**TASK DESCRIPTION**
Your copy of the data should match it exactly, leaving out only the pictures.

──────── AVAILABLE DATA ────────

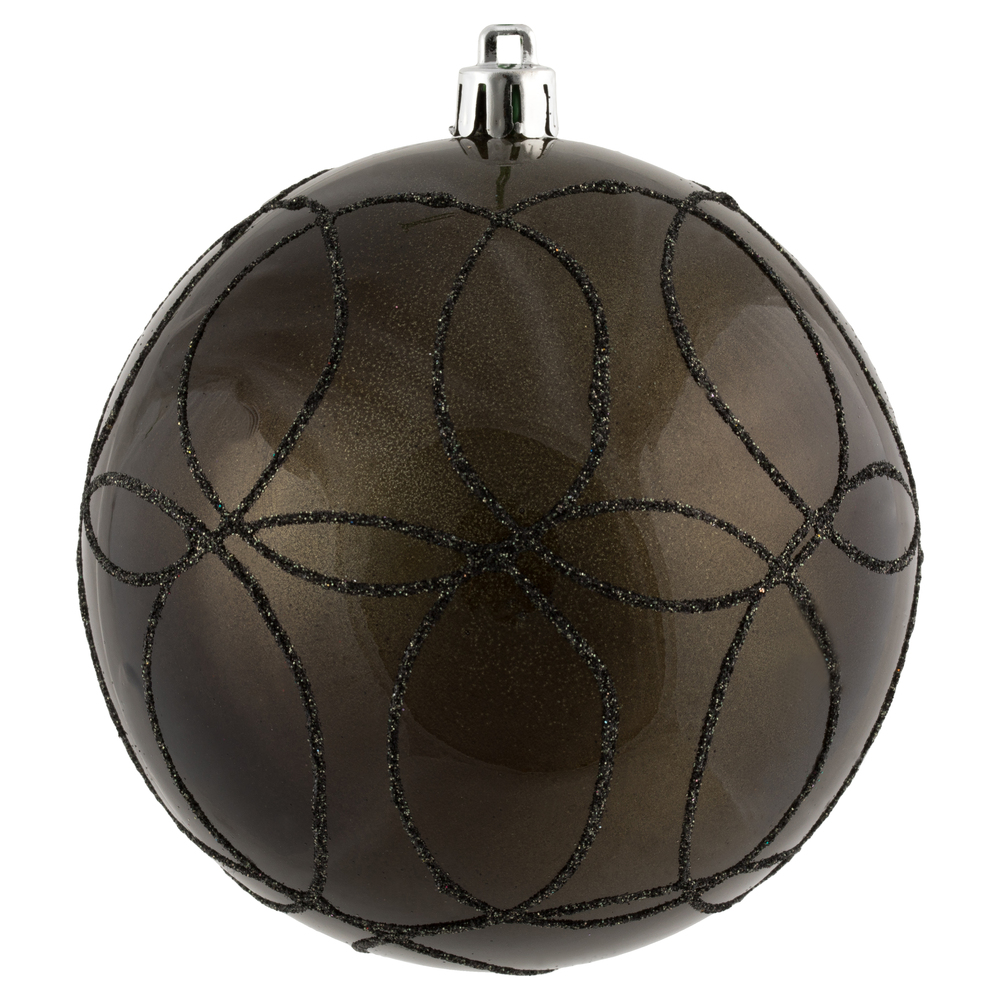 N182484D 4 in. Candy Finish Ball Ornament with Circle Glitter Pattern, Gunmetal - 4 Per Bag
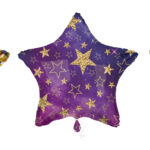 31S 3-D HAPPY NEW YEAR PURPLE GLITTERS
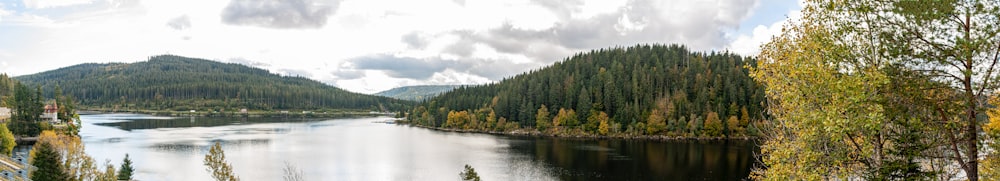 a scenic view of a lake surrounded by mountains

────────

**RESPONSE TO THE TASK**
 N182484D 4 in. Candy Finish Ball Ornament with Circle Glitter Pattern, Gunmetal - 4 Per Bag
 31S 3-D HAPPY NEW YEAR PURPLE GLITTERS
 a scenic view of a lake surrounded by mountains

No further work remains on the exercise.